=== What to produce ===
Extract from the entries below, exactly as given, only the lines from the line containing "DC24V Smart Roller" to the line containing "Valentina 'I Love NY' Button Earrings - Blush", both lines included.

=== Records shown ===
========
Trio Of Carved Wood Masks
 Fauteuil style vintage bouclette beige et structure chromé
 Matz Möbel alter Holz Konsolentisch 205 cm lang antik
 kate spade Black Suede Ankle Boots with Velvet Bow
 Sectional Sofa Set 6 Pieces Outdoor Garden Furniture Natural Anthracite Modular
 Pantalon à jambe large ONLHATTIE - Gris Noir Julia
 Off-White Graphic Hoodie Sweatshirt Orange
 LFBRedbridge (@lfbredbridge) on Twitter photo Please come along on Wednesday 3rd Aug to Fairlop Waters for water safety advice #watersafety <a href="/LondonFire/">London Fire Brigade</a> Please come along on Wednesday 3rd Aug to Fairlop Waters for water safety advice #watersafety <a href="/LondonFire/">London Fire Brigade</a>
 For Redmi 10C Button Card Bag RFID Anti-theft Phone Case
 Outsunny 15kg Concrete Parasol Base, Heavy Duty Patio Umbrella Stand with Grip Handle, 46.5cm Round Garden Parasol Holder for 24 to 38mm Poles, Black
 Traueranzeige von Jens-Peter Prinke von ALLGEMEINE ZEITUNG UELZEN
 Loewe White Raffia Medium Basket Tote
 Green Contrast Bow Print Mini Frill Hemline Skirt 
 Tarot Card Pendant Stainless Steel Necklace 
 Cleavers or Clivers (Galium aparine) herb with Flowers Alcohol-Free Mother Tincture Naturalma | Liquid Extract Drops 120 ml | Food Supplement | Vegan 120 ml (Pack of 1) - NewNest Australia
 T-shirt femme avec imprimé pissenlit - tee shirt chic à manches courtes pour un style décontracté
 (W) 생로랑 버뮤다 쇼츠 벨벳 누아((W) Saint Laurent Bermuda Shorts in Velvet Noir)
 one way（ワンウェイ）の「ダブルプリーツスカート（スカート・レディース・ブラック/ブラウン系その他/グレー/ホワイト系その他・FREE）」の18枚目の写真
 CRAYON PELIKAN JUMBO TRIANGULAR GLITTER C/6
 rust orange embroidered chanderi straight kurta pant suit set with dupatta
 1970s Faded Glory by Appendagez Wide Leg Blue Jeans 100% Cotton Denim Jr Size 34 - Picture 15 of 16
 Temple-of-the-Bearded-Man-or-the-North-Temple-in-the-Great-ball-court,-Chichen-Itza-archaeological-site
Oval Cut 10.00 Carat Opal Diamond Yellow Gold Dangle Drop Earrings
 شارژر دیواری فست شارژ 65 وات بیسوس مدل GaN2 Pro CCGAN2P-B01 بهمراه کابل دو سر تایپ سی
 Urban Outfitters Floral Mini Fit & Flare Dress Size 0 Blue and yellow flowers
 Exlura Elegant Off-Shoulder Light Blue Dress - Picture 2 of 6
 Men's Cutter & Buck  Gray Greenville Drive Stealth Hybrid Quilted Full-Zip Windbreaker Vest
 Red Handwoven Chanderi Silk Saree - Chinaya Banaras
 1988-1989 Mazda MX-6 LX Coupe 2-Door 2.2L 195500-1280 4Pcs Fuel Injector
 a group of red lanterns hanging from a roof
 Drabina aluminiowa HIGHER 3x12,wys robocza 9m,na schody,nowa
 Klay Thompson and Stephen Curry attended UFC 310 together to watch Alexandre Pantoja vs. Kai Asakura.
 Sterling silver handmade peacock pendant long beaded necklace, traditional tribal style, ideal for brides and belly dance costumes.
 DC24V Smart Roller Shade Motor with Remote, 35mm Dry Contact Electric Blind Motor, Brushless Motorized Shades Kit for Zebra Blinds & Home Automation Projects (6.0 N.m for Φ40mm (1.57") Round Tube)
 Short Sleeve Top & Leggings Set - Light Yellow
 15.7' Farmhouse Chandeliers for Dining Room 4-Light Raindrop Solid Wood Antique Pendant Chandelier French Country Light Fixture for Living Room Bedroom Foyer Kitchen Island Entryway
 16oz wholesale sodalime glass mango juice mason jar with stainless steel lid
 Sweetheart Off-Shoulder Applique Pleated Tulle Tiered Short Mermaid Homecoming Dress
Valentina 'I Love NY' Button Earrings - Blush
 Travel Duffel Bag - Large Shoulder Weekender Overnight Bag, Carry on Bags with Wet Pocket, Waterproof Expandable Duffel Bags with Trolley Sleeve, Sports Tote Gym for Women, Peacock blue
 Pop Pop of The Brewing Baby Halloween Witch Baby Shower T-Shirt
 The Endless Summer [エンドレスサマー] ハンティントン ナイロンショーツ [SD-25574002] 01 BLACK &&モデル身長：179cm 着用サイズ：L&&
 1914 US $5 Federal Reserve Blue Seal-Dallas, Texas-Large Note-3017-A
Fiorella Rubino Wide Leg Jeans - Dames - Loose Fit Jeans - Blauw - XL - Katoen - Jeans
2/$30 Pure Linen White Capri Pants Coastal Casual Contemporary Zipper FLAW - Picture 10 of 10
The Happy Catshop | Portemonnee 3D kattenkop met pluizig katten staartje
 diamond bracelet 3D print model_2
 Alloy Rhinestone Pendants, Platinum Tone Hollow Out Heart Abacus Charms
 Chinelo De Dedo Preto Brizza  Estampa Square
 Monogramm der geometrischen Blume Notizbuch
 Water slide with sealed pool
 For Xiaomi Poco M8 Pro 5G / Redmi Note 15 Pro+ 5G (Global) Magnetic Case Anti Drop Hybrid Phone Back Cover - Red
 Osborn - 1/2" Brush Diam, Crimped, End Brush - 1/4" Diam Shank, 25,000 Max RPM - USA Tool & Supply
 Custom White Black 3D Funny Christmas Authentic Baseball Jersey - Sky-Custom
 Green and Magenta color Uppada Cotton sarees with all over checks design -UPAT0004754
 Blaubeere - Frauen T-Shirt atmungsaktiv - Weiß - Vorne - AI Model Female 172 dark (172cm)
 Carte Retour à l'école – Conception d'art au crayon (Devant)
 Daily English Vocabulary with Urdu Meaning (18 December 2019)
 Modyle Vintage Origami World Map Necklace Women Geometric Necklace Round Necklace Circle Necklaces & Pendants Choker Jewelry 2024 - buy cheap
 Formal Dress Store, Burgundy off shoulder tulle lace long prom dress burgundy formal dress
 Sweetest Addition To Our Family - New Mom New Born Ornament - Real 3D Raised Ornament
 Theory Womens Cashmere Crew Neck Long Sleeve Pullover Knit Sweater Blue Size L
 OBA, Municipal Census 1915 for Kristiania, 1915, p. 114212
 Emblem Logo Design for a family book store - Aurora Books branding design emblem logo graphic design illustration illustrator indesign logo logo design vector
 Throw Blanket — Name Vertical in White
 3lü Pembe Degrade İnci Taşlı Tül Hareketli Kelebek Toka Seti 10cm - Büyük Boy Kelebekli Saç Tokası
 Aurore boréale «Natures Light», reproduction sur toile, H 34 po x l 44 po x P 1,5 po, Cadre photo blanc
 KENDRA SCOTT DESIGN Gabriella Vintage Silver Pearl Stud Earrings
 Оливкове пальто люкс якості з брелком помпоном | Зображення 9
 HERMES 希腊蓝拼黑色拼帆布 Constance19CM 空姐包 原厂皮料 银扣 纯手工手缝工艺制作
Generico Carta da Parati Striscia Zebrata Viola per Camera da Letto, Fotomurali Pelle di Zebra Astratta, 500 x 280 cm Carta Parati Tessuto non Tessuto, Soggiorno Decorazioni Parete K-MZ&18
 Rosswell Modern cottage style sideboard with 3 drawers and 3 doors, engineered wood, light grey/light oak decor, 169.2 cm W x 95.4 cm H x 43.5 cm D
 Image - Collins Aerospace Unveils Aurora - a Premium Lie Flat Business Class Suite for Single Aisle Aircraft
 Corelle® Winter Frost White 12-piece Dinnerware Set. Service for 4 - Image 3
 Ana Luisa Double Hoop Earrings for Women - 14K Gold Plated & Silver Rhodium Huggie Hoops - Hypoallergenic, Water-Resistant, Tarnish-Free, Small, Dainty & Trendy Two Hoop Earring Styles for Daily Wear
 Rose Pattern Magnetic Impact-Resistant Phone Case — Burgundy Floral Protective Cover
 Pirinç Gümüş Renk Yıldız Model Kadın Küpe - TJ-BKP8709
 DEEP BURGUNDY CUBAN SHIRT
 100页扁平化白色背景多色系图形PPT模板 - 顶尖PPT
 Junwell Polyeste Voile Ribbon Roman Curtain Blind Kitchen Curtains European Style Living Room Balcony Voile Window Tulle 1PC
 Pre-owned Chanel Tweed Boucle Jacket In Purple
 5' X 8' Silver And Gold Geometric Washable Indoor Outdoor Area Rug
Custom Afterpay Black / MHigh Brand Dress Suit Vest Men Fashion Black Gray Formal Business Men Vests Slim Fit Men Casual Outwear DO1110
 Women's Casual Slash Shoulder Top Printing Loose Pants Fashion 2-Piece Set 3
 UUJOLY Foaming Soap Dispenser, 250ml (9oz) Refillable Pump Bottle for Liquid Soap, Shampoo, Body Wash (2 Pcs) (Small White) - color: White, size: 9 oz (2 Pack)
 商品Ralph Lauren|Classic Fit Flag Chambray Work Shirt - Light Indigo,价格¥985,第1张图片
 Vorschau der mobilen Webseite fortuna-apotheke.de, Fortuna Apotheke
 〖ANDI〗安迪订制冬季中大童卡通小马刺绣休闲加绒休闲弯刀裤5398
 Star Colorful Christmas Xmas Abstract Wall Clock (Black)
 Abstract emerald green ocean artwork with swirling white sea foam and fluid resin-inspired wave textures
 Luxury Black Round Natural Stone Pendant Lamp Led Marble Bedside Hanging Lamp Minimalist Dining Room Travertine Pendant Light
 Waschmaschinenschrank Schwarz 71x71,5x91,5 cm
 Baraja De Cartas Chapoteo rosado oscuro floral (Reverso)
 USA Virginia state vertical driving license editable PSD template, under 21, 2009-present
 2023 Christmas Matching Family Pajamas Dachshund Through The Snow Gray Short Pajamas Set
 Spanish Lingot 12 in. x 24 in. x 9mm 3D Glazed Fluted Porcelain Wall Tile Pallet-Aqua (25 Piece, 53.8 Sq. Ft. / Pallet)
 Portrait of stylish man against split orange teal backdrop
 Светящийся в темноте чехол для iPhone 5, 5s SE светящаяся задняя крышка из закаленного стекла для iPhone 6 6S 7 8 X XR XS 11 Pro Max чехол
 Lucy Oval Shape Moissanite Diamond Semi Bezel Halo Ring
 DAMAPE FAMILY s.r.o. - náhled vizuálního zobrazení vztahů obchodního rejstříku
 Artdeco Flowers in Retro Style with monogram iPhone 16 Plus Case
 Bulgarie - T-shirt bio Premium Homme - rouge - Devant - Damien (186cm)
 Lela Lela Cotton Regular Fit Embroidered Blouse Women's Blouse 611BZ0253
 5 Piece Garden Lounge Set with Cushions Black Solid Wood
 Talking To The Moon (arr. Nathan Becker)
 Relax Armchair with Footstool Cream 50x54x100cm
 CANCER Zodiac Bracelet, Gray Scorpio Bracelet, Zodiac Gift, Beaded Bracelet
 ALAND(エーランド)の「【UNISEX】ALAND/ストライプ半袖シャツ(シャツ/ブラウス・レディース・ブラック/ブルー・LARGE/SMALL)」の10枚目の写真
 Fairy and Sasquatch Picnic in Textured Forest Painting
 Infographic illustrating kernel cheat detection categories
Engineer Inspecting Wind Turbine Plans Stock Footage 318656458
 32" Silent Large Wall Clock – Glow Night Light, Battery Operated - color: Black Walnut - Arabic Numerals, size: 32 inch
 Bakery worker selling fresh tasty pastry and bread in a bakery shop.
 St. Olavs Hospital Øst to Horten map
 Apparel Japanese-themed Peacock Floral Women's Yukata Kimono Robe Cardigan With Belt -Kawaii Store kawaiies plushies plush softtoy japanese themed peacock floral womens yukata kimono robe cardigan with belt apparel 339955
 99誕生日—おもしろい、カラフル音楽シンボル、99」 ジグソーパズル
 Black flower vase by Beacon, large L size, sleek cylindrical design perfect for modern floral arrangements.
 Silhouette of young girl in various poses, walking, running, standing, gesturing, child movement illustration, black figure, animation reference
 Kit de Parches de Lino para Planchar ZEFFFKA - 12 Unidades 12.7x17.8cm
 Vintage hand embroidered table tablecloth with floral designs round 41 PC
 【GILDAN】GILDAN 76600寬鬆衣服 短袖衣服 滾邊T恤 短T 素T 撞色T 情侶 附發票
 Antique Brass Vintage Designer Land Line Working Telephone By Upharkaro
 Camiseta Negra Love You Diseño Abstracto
========
=== Solution below ===
 DC24V Smart Roller Shade Motor with Remote, 35mm Dry Contact Electric Blind Motor, Brushless Motorized Shades Kit for Zebra Blinds & Home Automation Projects (6.0 N.m for Φ40mm (1.57") Round Tube)
 Short Sleeve Top & Leggings Set - Light Yellow
 15.7' Farmhouse Chandeliers for Dining Room 4-Light Raindrop Solid Wood Antique Pendant Chandelier French Country Light Fixture for Living Room Bedroom Foyer Kitchen Island Entryway
 16oz wholesale sodalime glass mango juice mason jar with stainless steel lid
 Sweetheart Off-Shoulder Applique Pleated Tulle Tiered Short Mermaid Homecoming Dress
Valentina 'I Love NY' Button Earrings - Blush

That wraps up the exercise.